После того как мы с Андре собрали наших братьев в одном из углов внутреннего двора, дядюшка Рамон объяснил им суть задания.
— Неверные, — сказал он, — осадили великий замок Крак-де-Шевалье. Его падение станет невосполнимой утратой для всех христианских сил. Через несколько дней мы выступим на север, чтобы оказать помощь нашим братьям-госпитальерам, осажденным в крепости. Мы потеряли почти половину наших людей в Тороне. Многие из вас еще погибнут под стенами замка госпитальеров. Знайте это. Господь ценит каждую каплю крови, пролитую ради защиты Его царства.
Днем я столкнулся с доном Фернандо на внутреннем дворе: он возвращался с совещания с бароном. Еще издали я заметил его пурпурную накидку и попытался избежать встречи, свернув в сторону. Но он окликнул меня прежде, чем я успел отвести взгляд.
— А, Франциско, — сказал дон. — Как поживает наследник состояния Монкада?
— Хорошо, дон Фернандо.
— Скажи, Франциско, как дела у принцессы?
— Я не знаком здесь ни с какой принцессой.
— А разве ты не служишь знаменитой прославленной принцессе Рамоне из Калатравы?
— Я не знаю, о ком вы.
— Мои шпионы доложили, что твой господин сочинил какую-то историю о моем поведении в Тороне, которую намеревается рассказать моему отцу, — сказал дон. — Если Рамон думает, что я буду стоять в стороне, пока он чернит мою репутацию, значит, он совсем меня не знает.
Я ничего не ответил. Я повидал достаточно, чтобы сделать собственные умозаключения о характере дона Фернандо.
— Прекрасно, Франциско. У меня есть и хорошие новости. В моем окружении появилось свободное место. Приглашаю тебя присоединиться к моей свите. У меня есть планы на твой счет, Франциско.
— Дон Фернандо, я польщен вашим вниманием, но останусь верен ордену Калатравы и моему господину — Рамону.
— Восхищен твоей преданностью, Франциско. Надеюсь, однажды она послужит и мне. Однако поразмысли над моим предложением — боюсь, нашего дядюшку Рамона ждет не очень светлое будущее.
Спустя три дня, перед рассветом, мы покинули город. Дядя Рамон пояснил, что мы выступаем тайно, чтобы не сеять паники среди жителей Акры, большинство из которых считали Крак-де-Шевалье неприступным оплотом христианского могущества в Леванте. Известие о затруднительном положении замка могло сильно встревожить обитателей города, уже полного слухов об успехах мусульман.
Крак-де-Шевалье находился на северо-восточной границе христианских владений, приблизительно в ста шестидесяти пяти милях от Акры. По словам полковника Делакорта, рыцари-госпитальеры обычно совершали переходы от Акры до Крака за две недели, однако в связи с тяжелой ситуацией в замке мы собирались добраться туда за пять дней.

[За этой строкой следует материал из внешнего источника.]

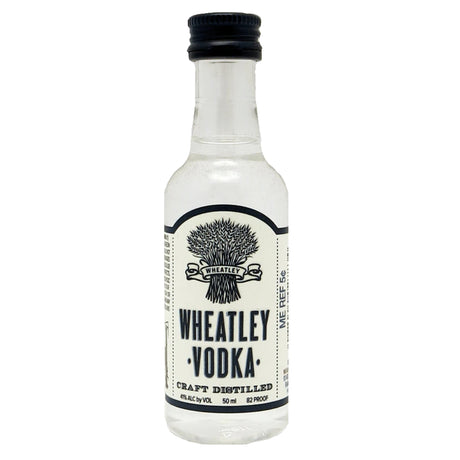 Wheatley Craft Distilled Vodka 50ml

С такой скоростью могли двигаться лишь верховые, поэтому пехоту и лучников не включили в отряд. Тем не менее, войско собралось внушительное — более двухсот пятидесяти рыцарей, несколько сотен конных оруженосцев и еще сотня профессиональных кавалеристов, набранных из местных жителей — арабов по национальности, но ортодоксальных христиан по вероисповеданию. Коренные жители были очень похожи на тех, с кем мы только что воевали в Тороне, разговаривали на том же языке, — и это плохо сказывалось на их отношениях с моими собратьями. Мне доводилось слышать истории о том, как местные христианские проводники заманивали наших рыцарей в засаду. С другой стороны, рассказывали также о том, как госпитальеры и тамплиеры вырезали целые арабские деревни, а потом оказывалось, что ее жители были христианами — ортодоксами или якобитами. Поэтому я бы не стал осуждать местных жителей за то, что они были более преданы своим соседям, чем христианским товарищам. Но моя терпимость не смягчила, ни моей тревоги, ни моей бдительности; по ночам мы никогда не поворачивались спиной к арабским христианам.

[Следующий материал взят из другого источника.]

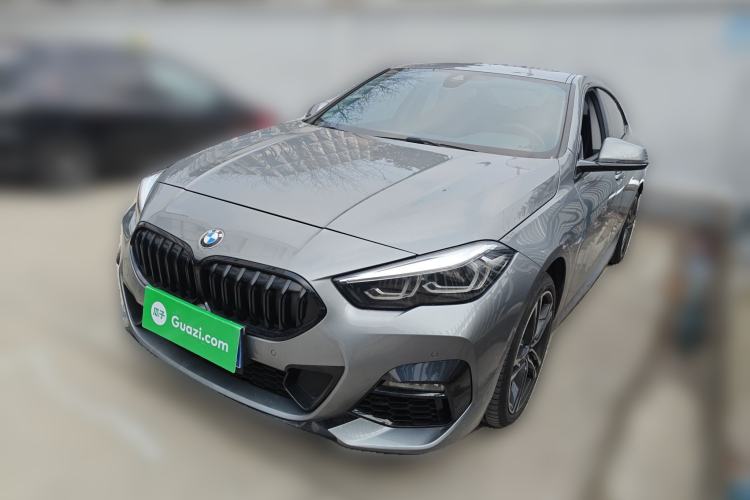 Used BMW 2 Series 2023 Facelifted 225i Four-Door Coupe M Sport Night Edition Package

Один из них как-то раз подошел к нам с Андре на окраине Бейрута. Он стоял перед нами и покачивался с носка на пятку. Андре положил руку на эфес меча.
— Однажды вы отправитесь домой, — сказал араб.

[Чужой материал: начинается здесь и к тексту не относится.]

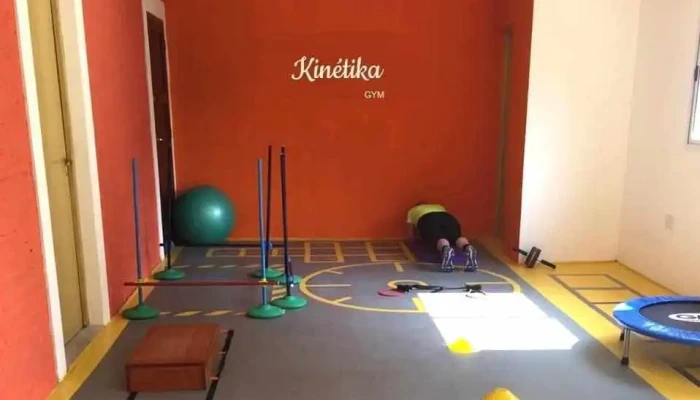 Kinetika Fitness - La Leonesa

— По воле Господа мы все отправимся домой, — ответил я.
Он улыбнулся — почти робко — и оглянулся на городские огни.
— Я уже дома.
Мы ехали по двенадцать часов в день, направляясь к побережью, делая привалы в предместьях северных городов — Тира, Сидона, Бейрута, Триполи. Рамон говорил, что, когда первые крестоносцы пришли в Левант, христианские жители наперебой предлагали им кров и пищу. Сейчас все переменилось: местные жители давали нам еду и крышу над головой, воду и овес нашим лошадям, но за все это нам приходилось платить золотом и серебром. Торговцы у нас на глазах тщательно пересчитывали монеты.
Мы ели у бивачных костров и, вместо того чтобы наблюдать за тлеющими угольками, смотрели на далекие огни города, жадно прислушивались к ночным звукам: перекличкам друзей, шуму драки у входа в таверну, девичьему смеху. Мы спали не шевелясь, без снов, как мертвецы, — мы слишком устали, чтобы размышлять о призрачном будущем. Просыпались на рассвете и уходили еще до того, как торговцы разворачивали свои палатки. Мы не оставляли после себя следов, и, наверное, жители городов гадали, кто посещал их — воины-пилигримы или призраки. После двухчасовой езды я уже не мог припомнить, под какими звездами мы ночевали и спали ли мы вообще.
Когда мы добрались до Триполи, нас нашел гонец госпитальеров из Крака. Ему удалось пробраться сквозь ряды неверных, и он прибыл в город за несколько часов до нас. Полковник Делакорт быстро организовал собрание, на котором присутствовали барон Берньер, дон Фернандо и дядюшка Рамон — все они пришли со своими заместителями, явились и мы с Андре. Собрание состоялось в покоях городского коннетабля, который сомневался в правдивости донесения дона Лорна и не мог дождаться нашего отъезда.
— Даже пятидесятитысячное войско лучших воинов Бейбарса не может завоевать Крак-де-Шевалье, — сказал он. — Вы понапрасну теряете время.
Коннетабль не стал дожидаться новостей гонца. Он сказал, что у него есть дела в порту — один венецианский торговец отказывался платить пошлину, — и поспешно отбыл.
Гонец из замка занял кресло коннетабля; он смотрел на свои сцепленные пальцы и не торопился поднять глаза на присутствующих.
— Каково положение дел, гонец? — спросил барон.
— Неважное, сир, — ответил тот. — Неверных становится все больше. Они продолжают прибывать.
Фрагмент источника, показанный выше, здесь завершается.